1. offer and conclusion of contract The order signed by the customer is a binding offer. We can accept this offer within two weeks by sending an order confirmation or by sending the ordered goods within this period.

2. documents provided We reserve the right of ownership and copyright to all documents - also in electronic form - such as calculations, drawings etc.. These documents may not be made accessible to third parties unless we give the customer our express written consent. If we do not accept the customer's offer within the period specified in clause 1, these documents must be returned to us immediately.

3 Prices and payment

3.1 Our prices include value added tax (and packaging costs). Delivery and shipping costs are (not) included in our prices.

3.2 Payment of the purchase price must be made exclusively to the account specified overleaf. The deduction of a cash discount is only permitted with a special written agreement.

3.3 Unless otherwise agreed, the purchase price shall be payable by the specific date (alternatives: " ... the purchase price shall be payable within 21 days of invoicing" or " ... the purchase price shall be payable within 10 days of delivery").
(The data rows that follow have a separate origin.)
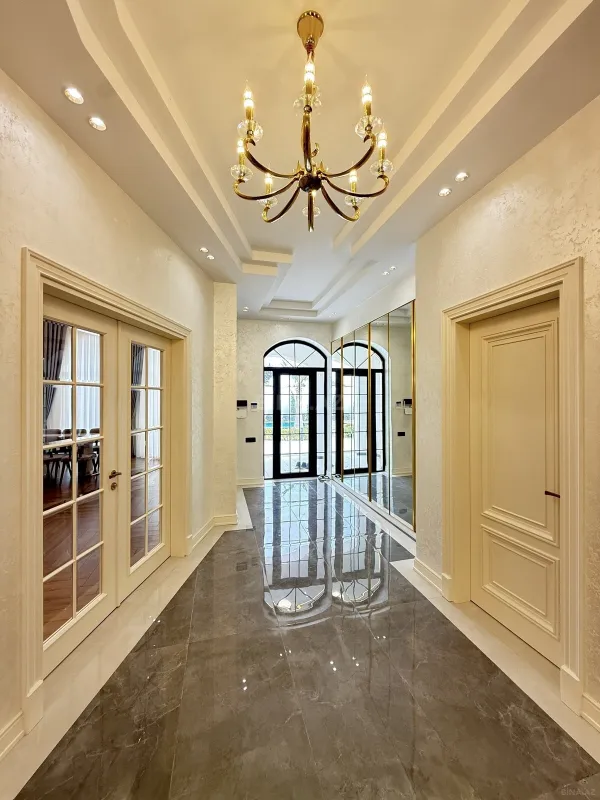 Satılır 5 otaqlı həyət evi 300 m²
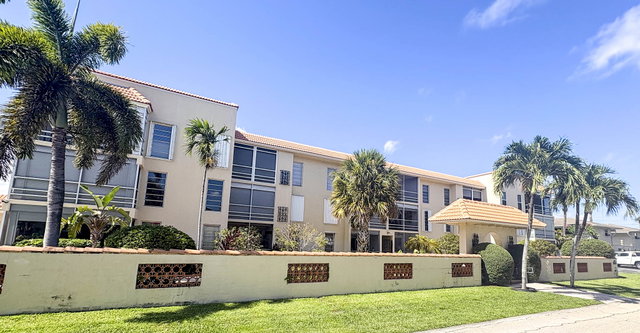 Gateway Condo photo 3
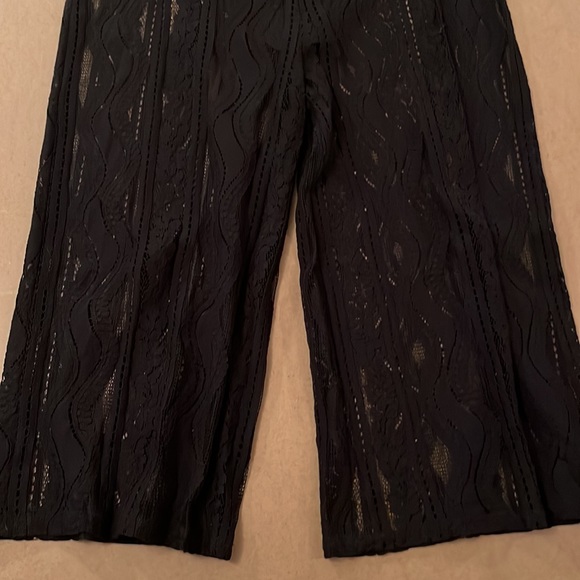 Curiosity Lace Pants - Picture 4 of 8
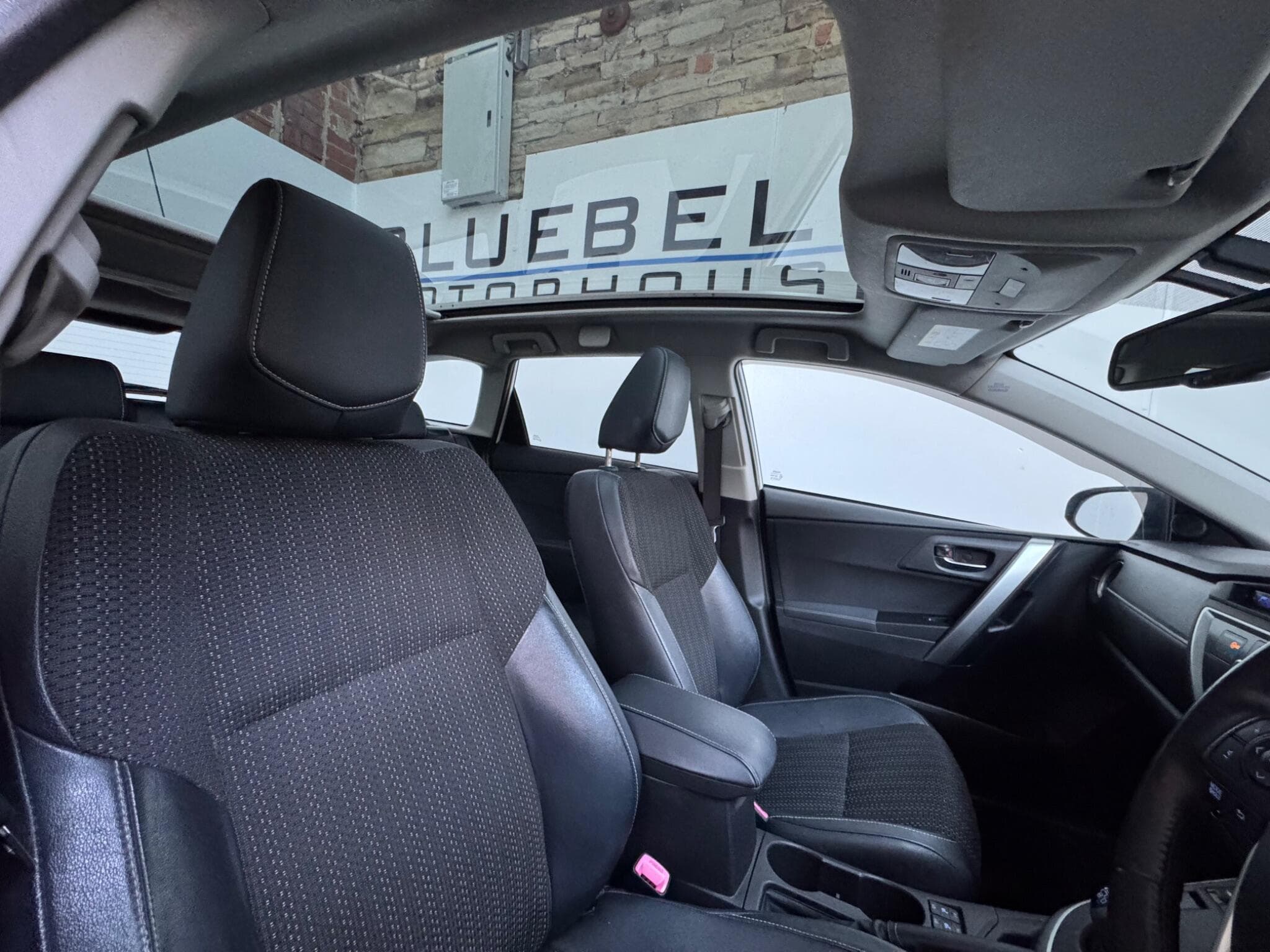 2015 Toyota Auris - Thumbnail 28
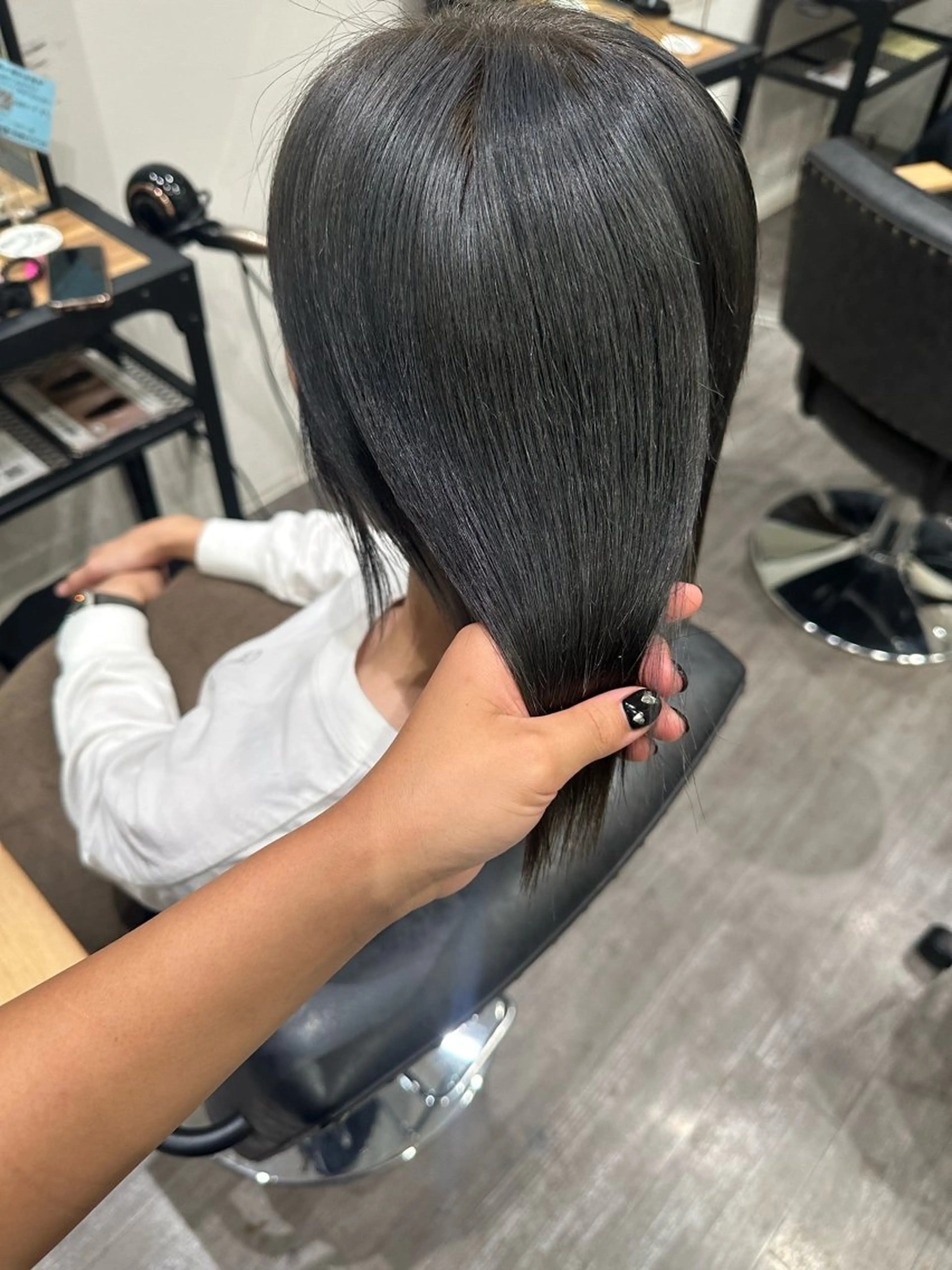 ミディアム カラー ダークグレー 艶髪レイヤー上田 紗也🇰🇷💗のヘアスタイル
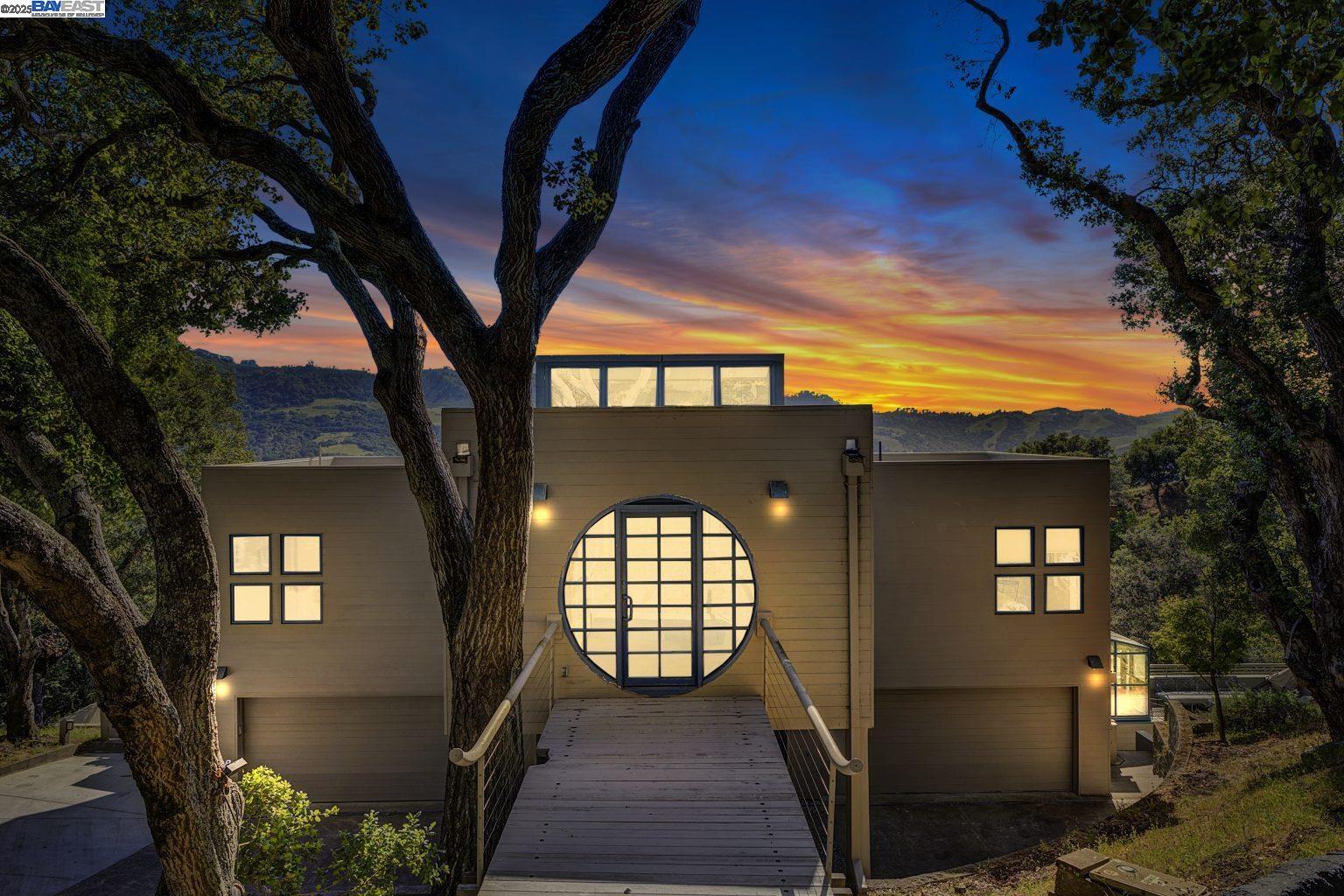 Detail Gallery Image 45 of 46 For 319 Tappan Ter, Orinda,  CA 94563 - 5 Beds | 4/1 Baths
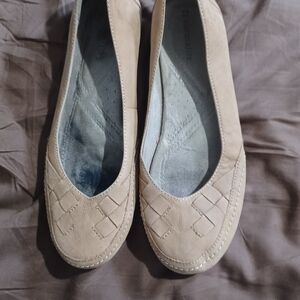 Naturalizer Tan Loafers for Women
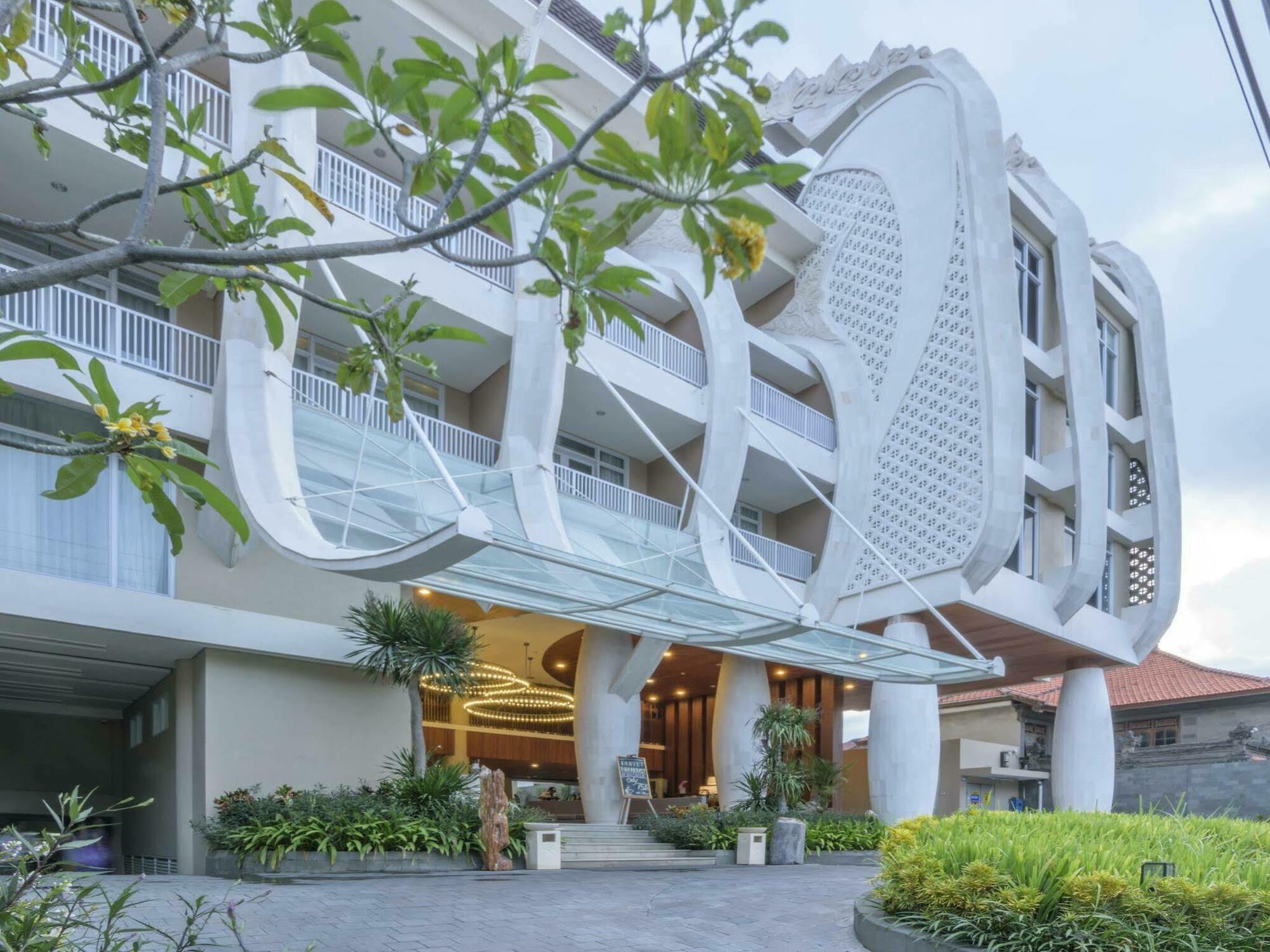 Bedrock Hotel Kuta Kuta Lombok Dış mekan fotoğraf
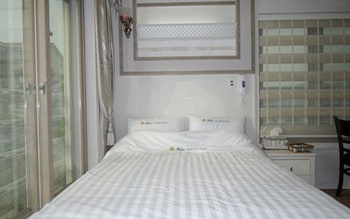 Hotel Jeju Jajuolle Pension And Guest House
Interest on arrears shall be charged at a rate of 5% above the respective base interest rate p.a. (see Annex 1). We reserve the right to claim higher damages for default. In the event that we assert a higher damage caused by delay, the customer shall have the option of proving to us that the damage caused by delay asserted was not incurred at all or at least in a significantly lower amount.

4 Offsetting and rights of retention The customer shall only be entitled to set-off if his claims have been legally established or are undisputed. The customer shall also be entitled to offset against our claims if he asserts notices of defects or counterclaims arising from the same purchase contract. The customer is only authorized to exercise a right of retention to the extent that his counterclaim is based on the same contractual relationship.

5 Delivery time

5.1 Insofar as no expressly binding delivery date has been agreed, our delivery dates or delivery periods are exclusively non-binding information.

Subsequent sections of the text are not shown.